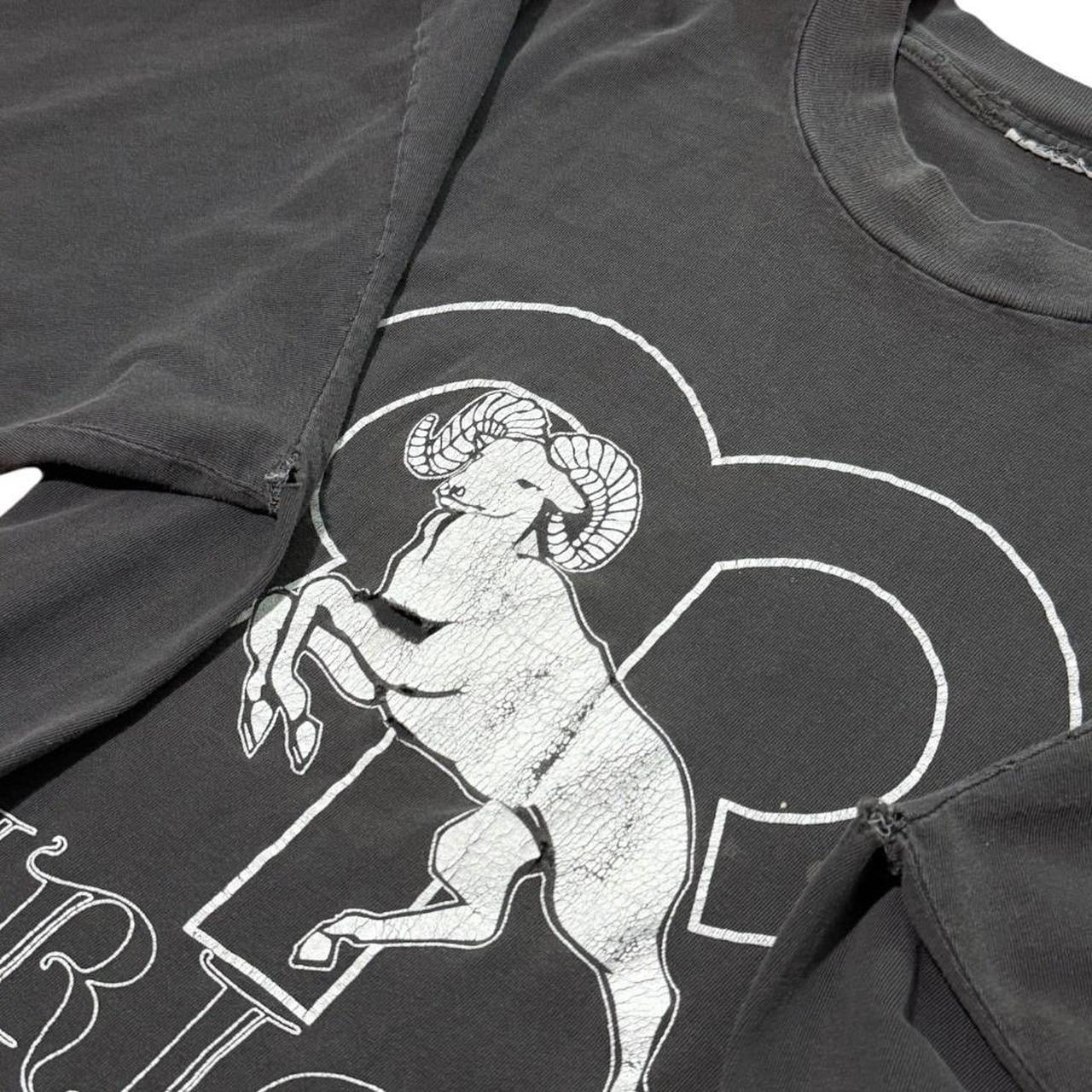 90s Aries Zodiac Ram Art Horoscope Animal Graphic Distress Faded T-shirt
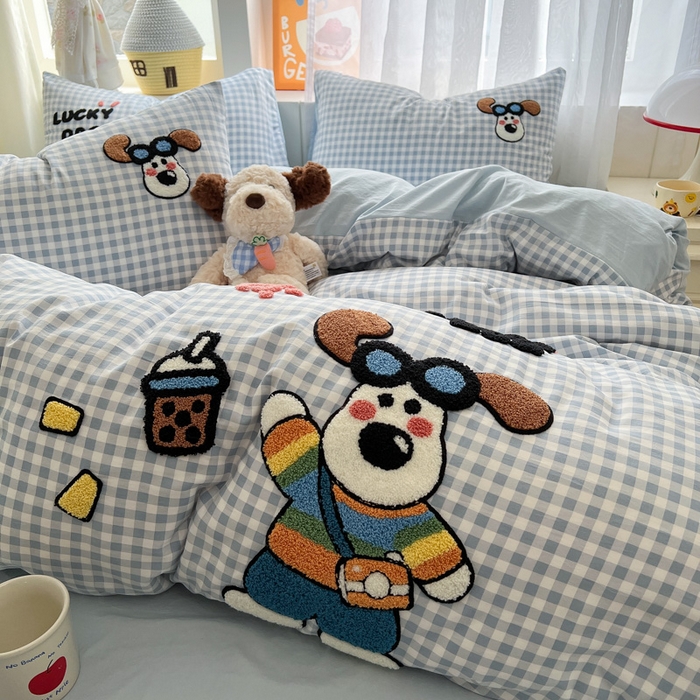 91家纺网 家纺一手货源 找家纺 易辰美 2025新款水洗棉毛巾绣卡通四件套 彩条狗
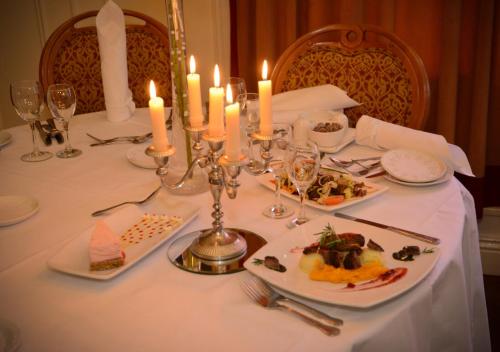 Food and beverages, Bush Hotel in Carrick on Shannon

(Task to complete)
Drop the pictures and reproduce the rest of the data above exactly.

(Solution)
 90s Aries Zodiac Ram Art Horoscope Animal Graphic Distress Faded T-shirt
 91家纺网 家纺一手货源 找家纺 易辰美 2025新款水洗棉毛巾绣卡通四件套 彩条狗
 Food and beverages, Bush Hotel in Carrick on Shannon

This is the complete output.